> _What you have to do_: Exactly as they appear, retype the lines from the one containing "Bývalý prezident Českej" through the final line of the data below. Leave pictures out.

━━━ Material shown

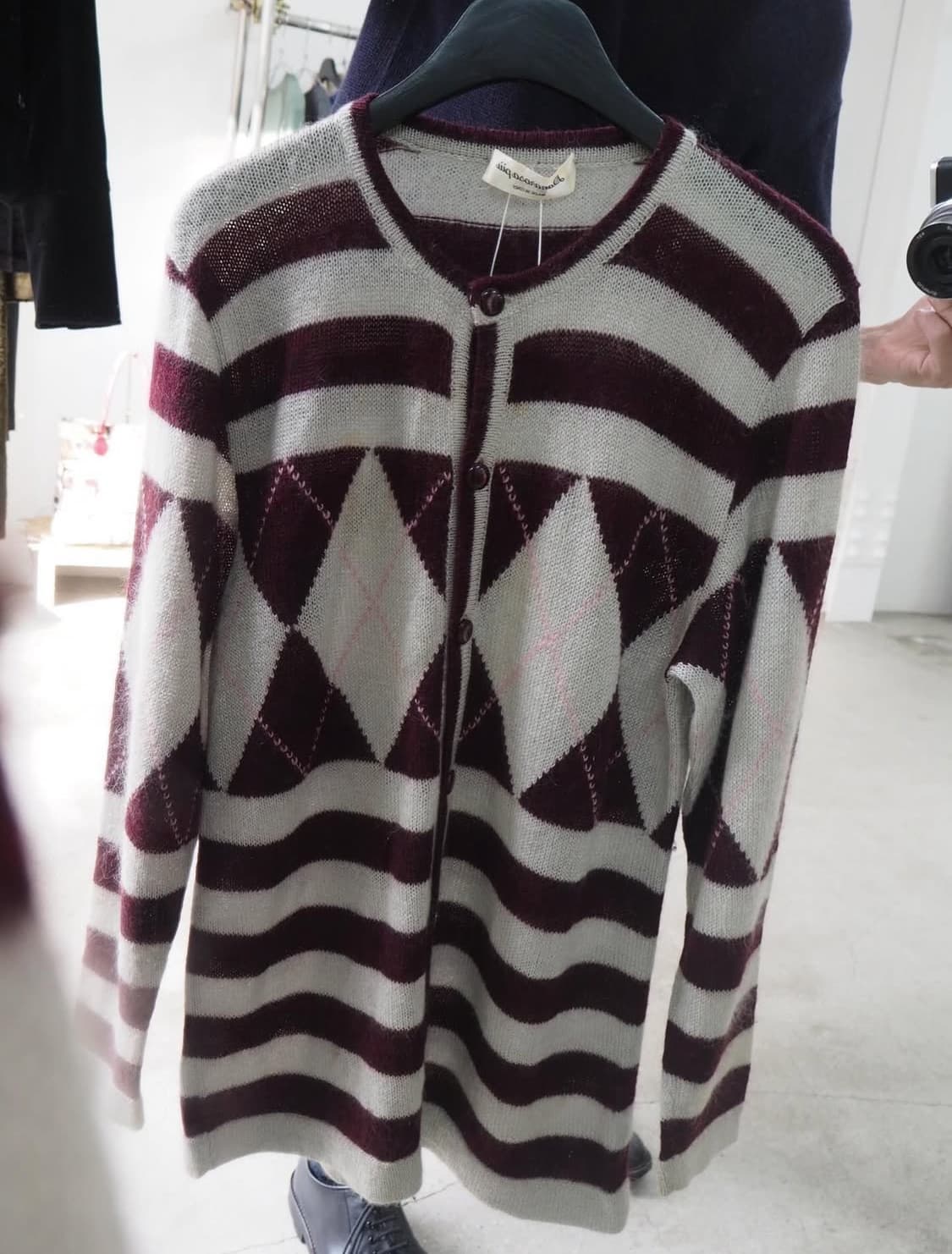 old vintage mohair blend knit 상품이미지1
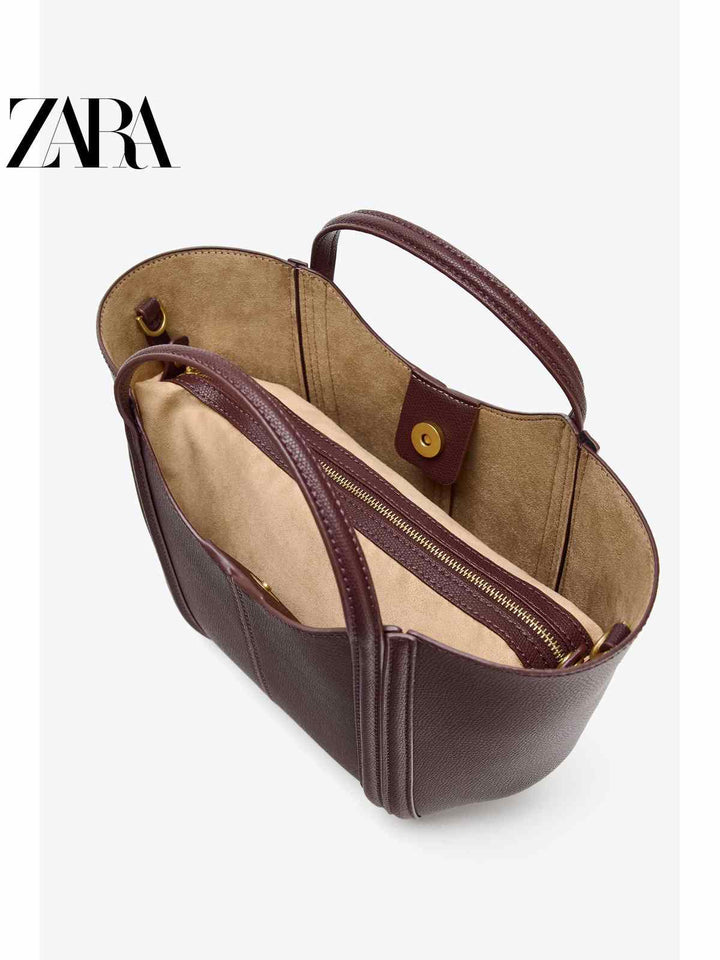 ZARA2025 Autumn New Women's Bag Thread Decoration Mini Casual Handbag Crossbody Bag 6392610 624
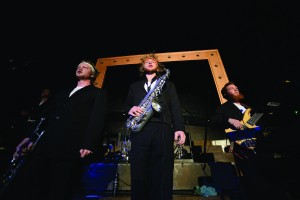 The band YouJazz performs at a collaborative concert called Shut Up and Stop Making Sense in Cornerstone Arts Center on March 1.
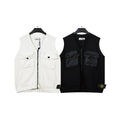 STONE ISLAND Black Crinkled Vest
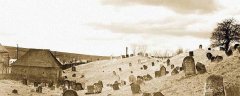historické foto hřbitova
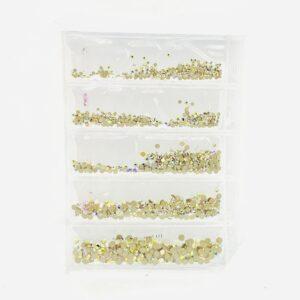 SET DE GEMAS DORADO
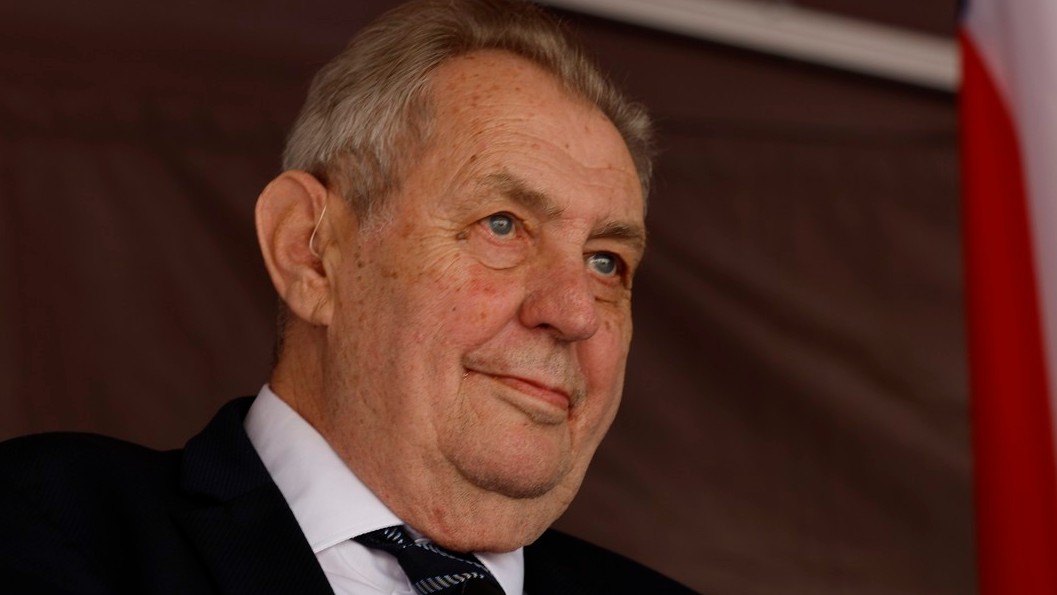 Bývalý prezident Českej republiky Miloš Zeman.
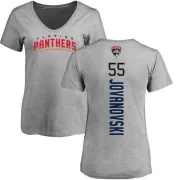 Ed Jovanovski Women's Florida Panthers Backer T-Shirt - Ash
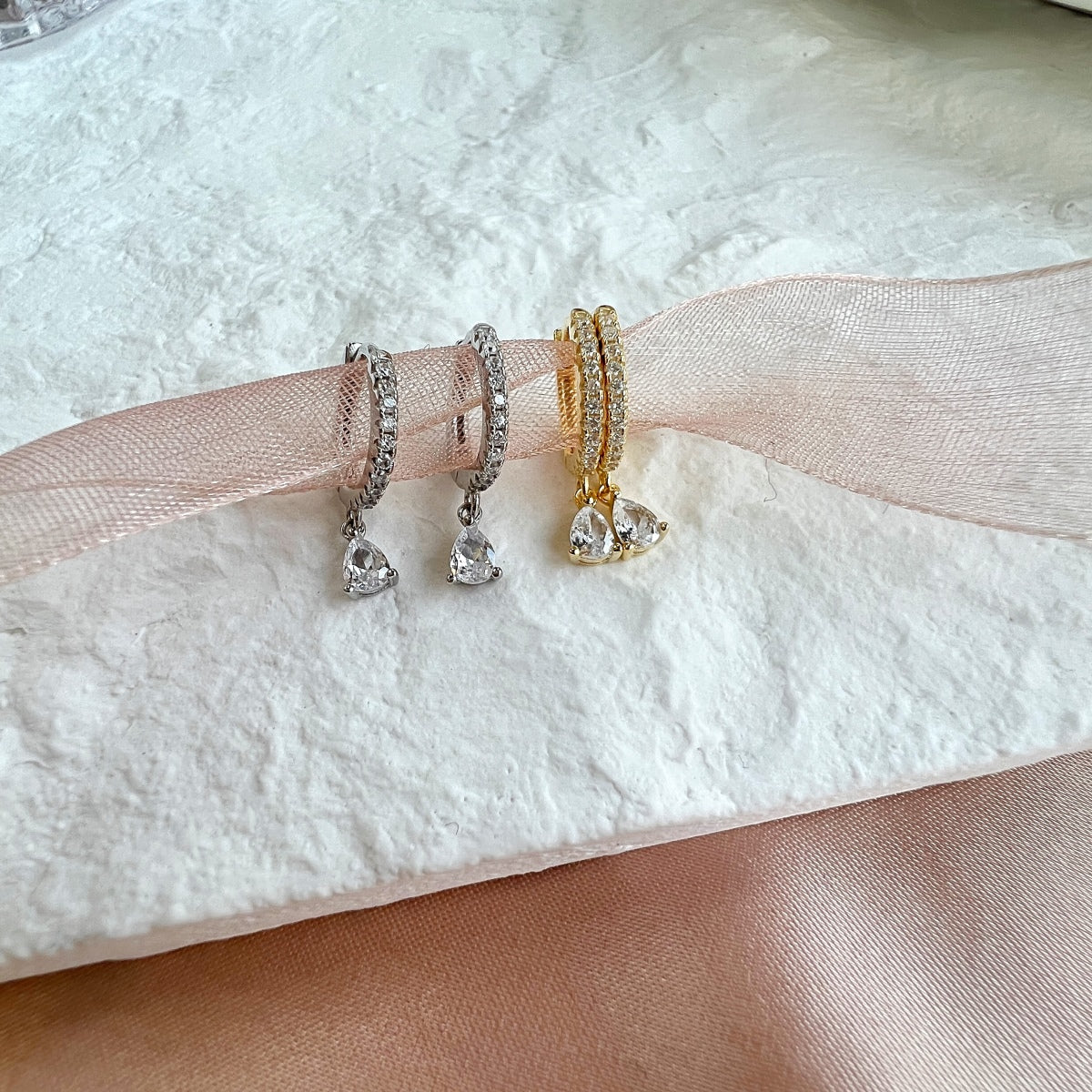 [Clover Jewelery]Luxurious Geometric Drop Earrings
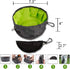 2 Pcs Collapsible Dog Bowls for Travel - Foldable, Portable for Food and Water (Green+Orange)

━━━━━━

> _Your response_:
 Bývalý prezident Českej republiky Miloš Zeman.
 Ed Jovanovski Women's Florida Panthers Backer T-Shirt - Ash
 [Clover Jewelery]Luxurious Geometric Drop Earrings
 2 Pcs Collapsible Dog Bowls for Travel - Foldable, Portable for Food and Water (Green+Orange)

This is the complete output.